These are the slides and IJulia notebooks from a talk by Steven G. Johnson at EuroSciPy 2014:
Julia (julialang.org) is a new language targeted at scientific computing, which combines the high-level abstractions and dynamic interactivity of languages like Python with the performance of low-level languages like C, thanks to being designed from the beginning for efficient just-in-time compilation by LLVM. But a major challenge for any young programming language is the availability of a large ecosystem of mature libraries and tools. To overcome this difficulty, Julia is "bootstrapping" off of the Python ecosystem, both by making it easy to call Python code and also by exploiting infrastructure such as IPython/Jupyter.

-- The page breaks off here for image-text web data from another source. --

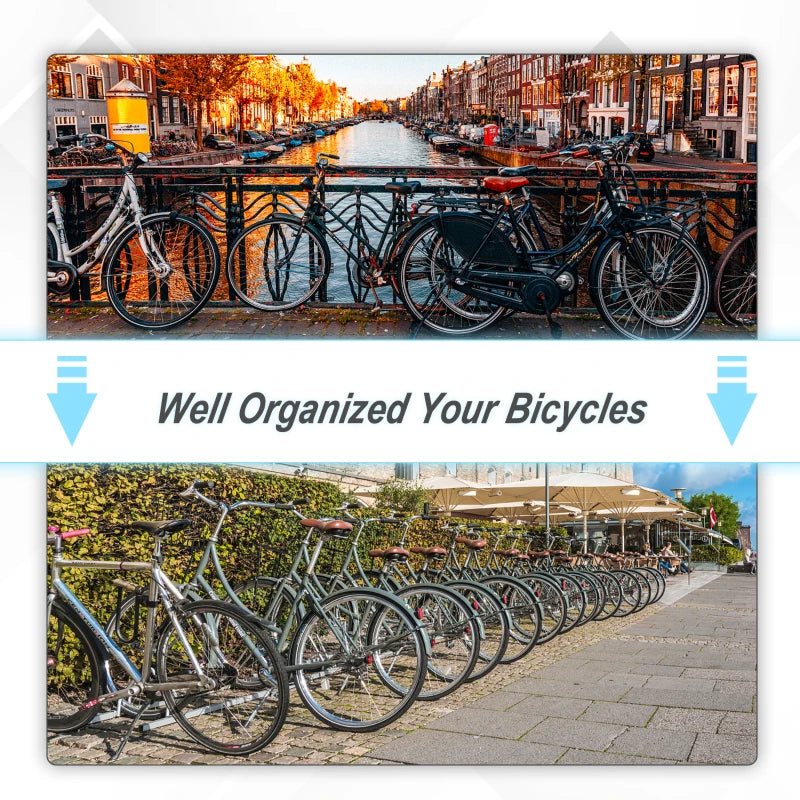 Black Bike Parking Rack - Wall or Floor Mount Bicycle Storage (3 Racks)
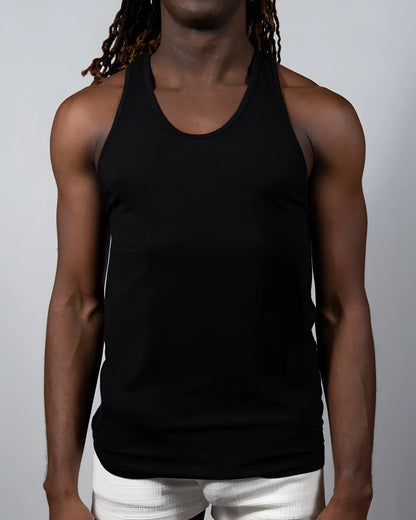 Black sleeveless Tulio solid tank top with rounded neckline and fitted silhouette perfect for casual wear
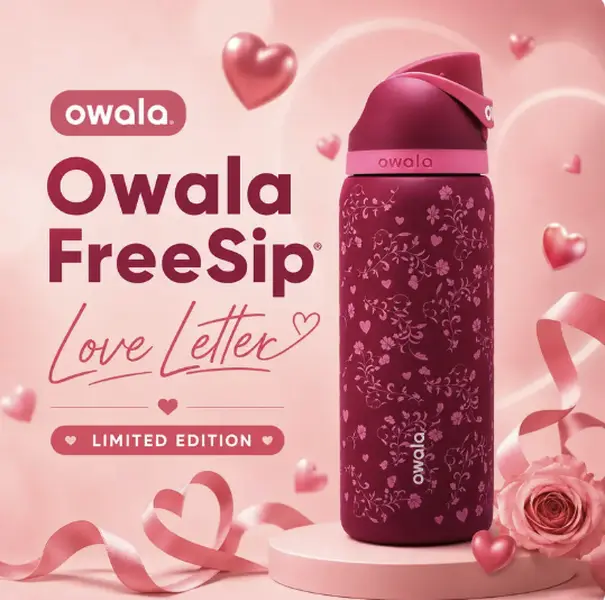 Owala FreeSip Limited Edition Love Letter Pink Heart Insulated Water Bottles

This talk will begin with an introduction to the Julia language, both explaining why it is able to attain C-like performance in many cases. At the same time, Julia supports a number of unusual programming features, such as multiple dispatch (a kind of generalization of object-oriented programming) and metaprogramming. We will also describe how Julia connects with Python via the PyCall package, which enables straightforward, low-overhead calls to Python libraries, copy-free sharing of NumPy arrays and other large data structures, and even sharing higher-order callback functions. This gives Julia direct access to SciPy and numerous other Python packages, such as SymPy and Matplotlib. Another key component of the Python universe is IPython, and we will explain how connecting to the IPython "Jupyter" front-end from an IJulia back-end allows Julia to benefit from IPython's rich multimedia notebook interface, and how Julia can even use IPython 2's interactive-widget infrastructure to provide truly interactive computations.

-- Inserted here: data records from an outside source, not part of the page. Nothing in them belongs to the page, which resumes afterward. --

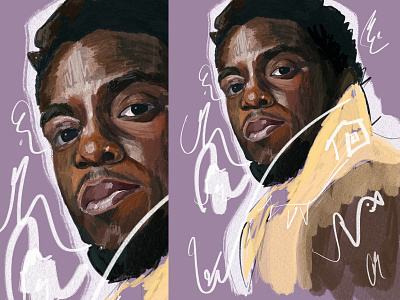 Chadwick Boseman Portrait art color digitalart illustration painting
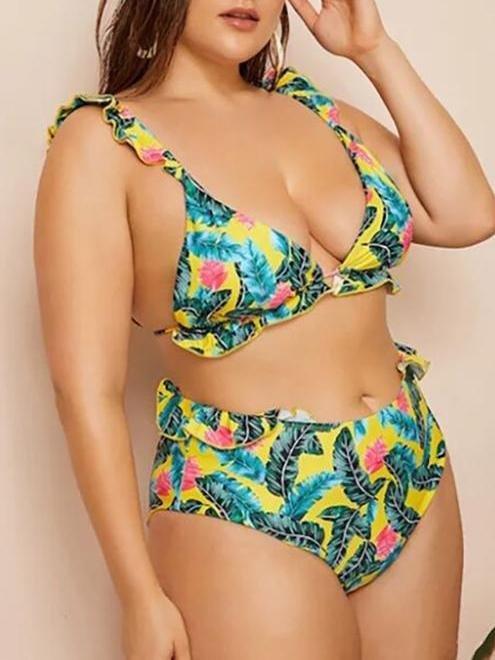 Two-piece Wireless Swimsuit With Enlarged Leaf Print Ruffle - Plus Bikinis - INS | Online Fashion Free Shipping Clothing, Dresses, Tops, Shoes - 22/04/2021 - Color_Multicolor - Plus Bikinis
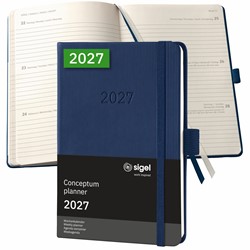 SIGEL Terminplaner Wochenkalender Conceptum 2027, ca. A6, Hardcover, dunkelblau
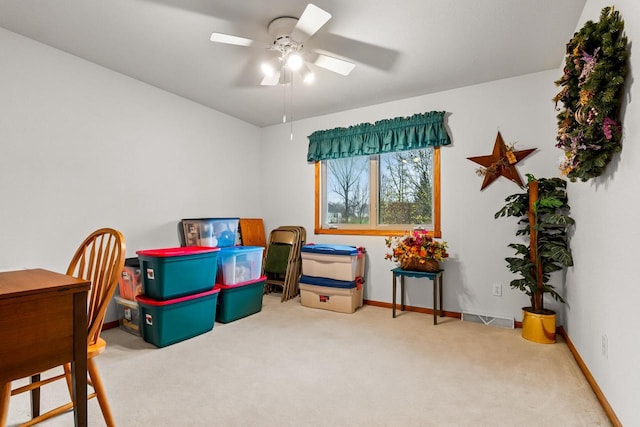 game room with carpet flooring, ceiling fan, visible vents, and baseboards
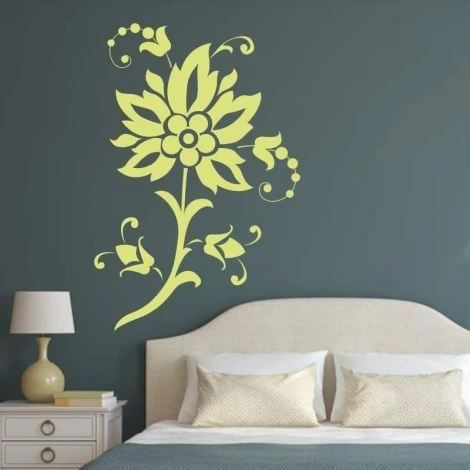 Painting template 02X 22 flower 1882 - Bedroom arrangement. Dark wall, bed with light bedding.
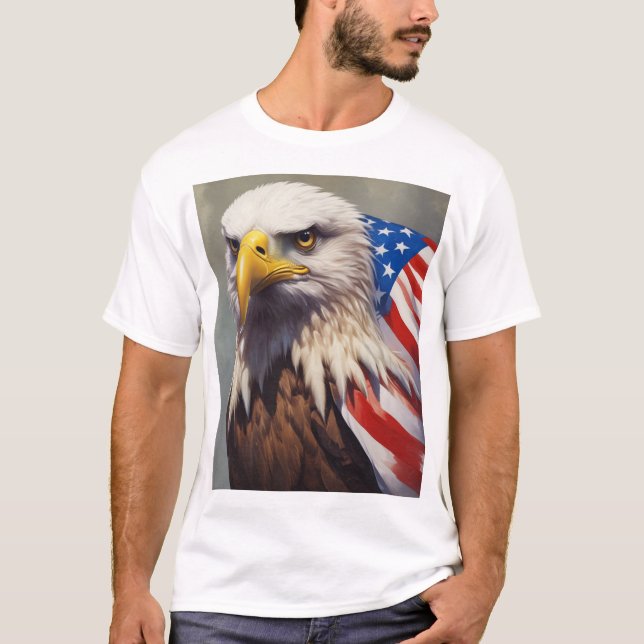 Bald Eagle American Flag T-Shirt (Front)
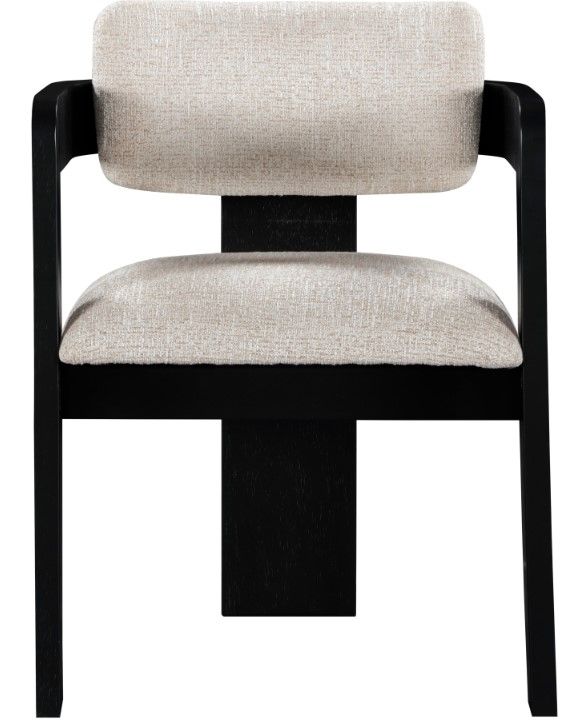Meridian Furniture Sacha Beige/Black Linen Textured Upholstered Dining Chair-1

Although most Julia–Python interaction is from Julia users calling Python, there is potential for benefits to flow in both directions in the future. The same PyCall software that allows Julia code to call Python can also allow Python code to call Julia, with the same data-sharing and rich interactivity. And Julia code can also be compiled to C-compatible interfaces—currently, this is mainly used to pass Julia callback routines to C library functions (including libpython), but in the future the same facility should allow the generation of C-callable libraries written in Julia.
To use the IJulia notebooks, you will need to download Julia and install IJulia: see the IJulia installation instructions.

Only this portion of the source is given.